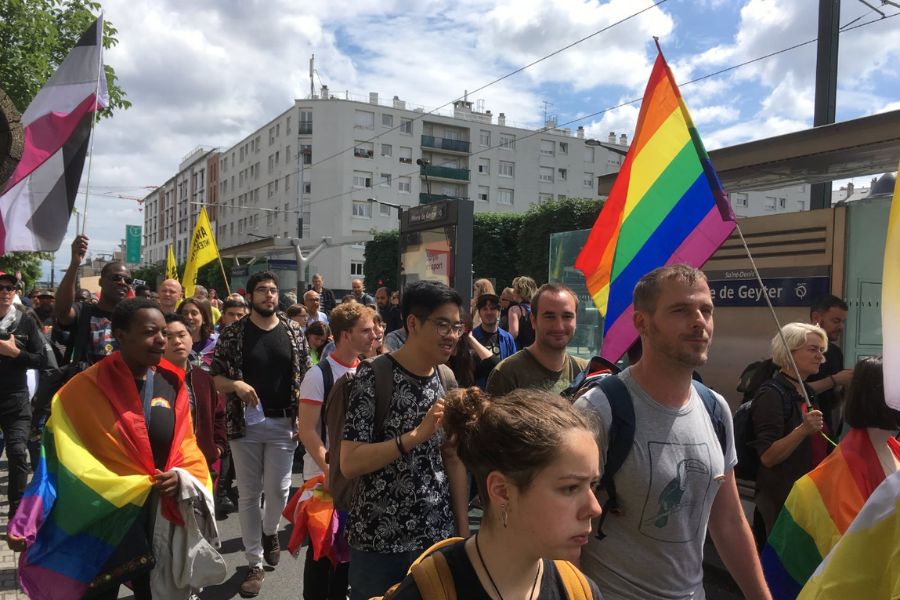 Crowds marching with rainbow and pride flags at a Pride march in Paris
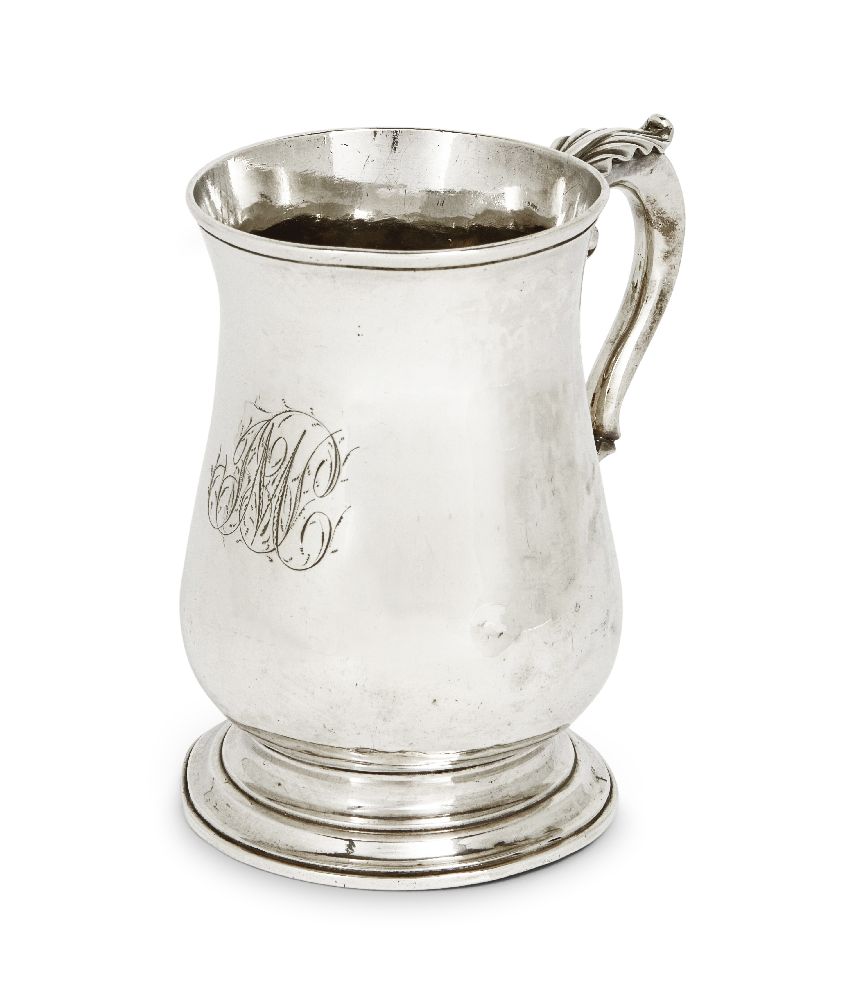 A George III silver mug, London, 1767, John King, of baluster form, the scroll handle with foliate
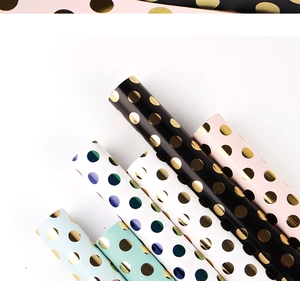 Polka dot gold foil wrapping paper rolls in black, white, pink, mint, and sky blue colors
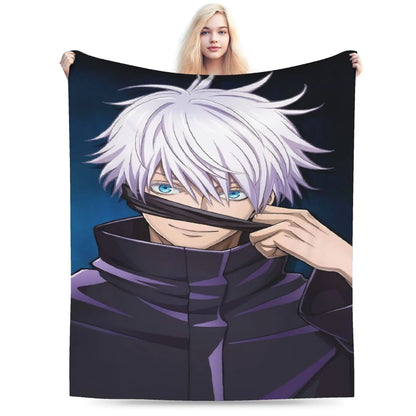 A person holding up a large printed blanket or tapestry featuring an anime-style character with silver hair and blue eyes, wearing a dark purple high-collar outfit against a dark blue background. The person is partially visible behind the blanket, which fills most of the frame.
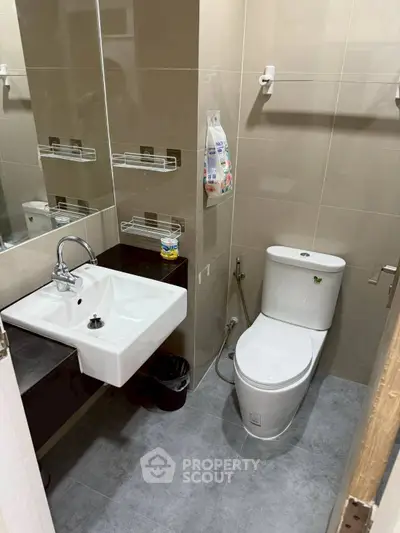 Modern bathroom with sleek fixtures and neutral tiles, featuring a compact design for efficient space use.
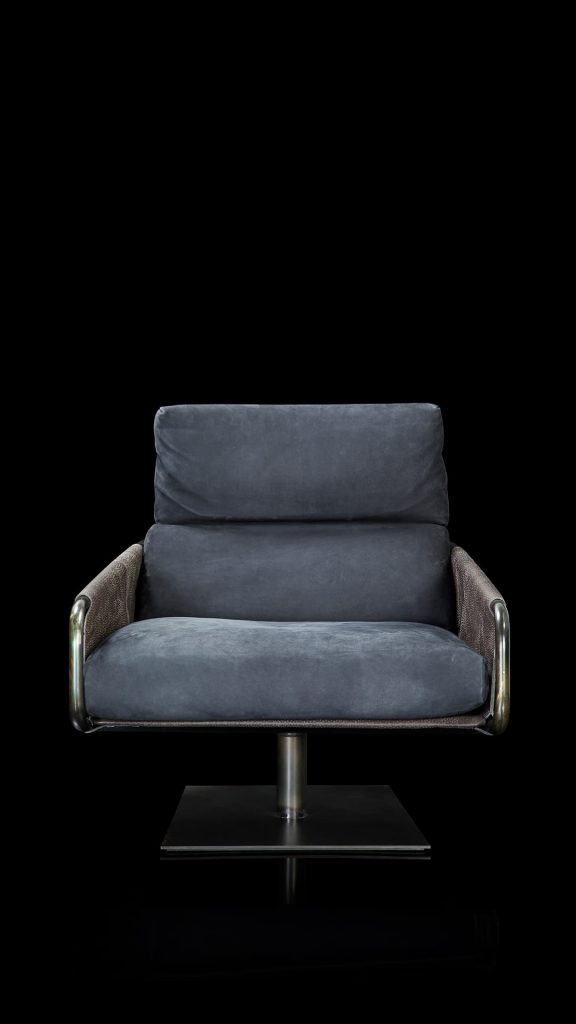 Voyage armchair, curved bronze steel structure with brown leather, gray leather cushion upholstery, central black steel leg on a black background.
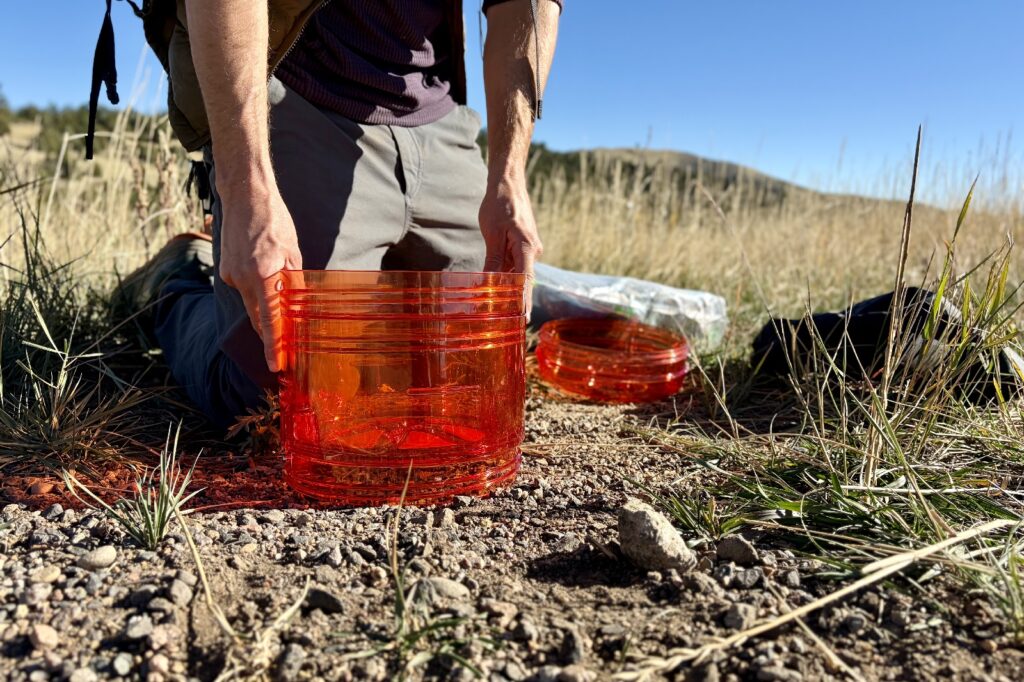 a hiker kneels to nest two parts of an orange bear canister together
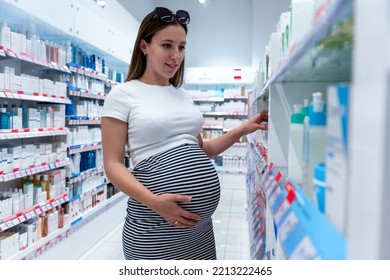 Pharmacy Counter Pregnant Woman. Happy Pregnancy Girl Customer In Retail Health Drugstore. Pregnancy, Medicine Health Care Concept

______

Give back every record exactly, dropping its pictures.

[Solution]:
 Crowds marching with rainbow and pride flags at a Pride march in Paris
 A George III silver mug, London, 1767, John King, of baluster form, the scroll handle with foliate
 Polka dot gold foil wrapping paper rolls in black, white, pink, mint, and sky blue colors
 A person holding up a large printed blanket or tapestry featuring an anime-style character with silver hair and blue eyes, wearing a dark purple high-collar outfit against a dark blue background. The person is partially visible behind the blanket, which fills most of the frame.
 Modern bathroom with sleek fixtures and neutral tiles, featuring a compact design for efficient space use.
 Voyage armchair, curved bronze steel structure with brown leather, gray leather cushion upholstery, central black steel leg on a black background.
 a hiker kneels to nest two parts of an orange bear canister together
 Pharmacy Counter Pregnant Woman. Happy Pregnancy Girl Customer In Retail Health Drugstore. Pregnancy, Medicine Health Care Concept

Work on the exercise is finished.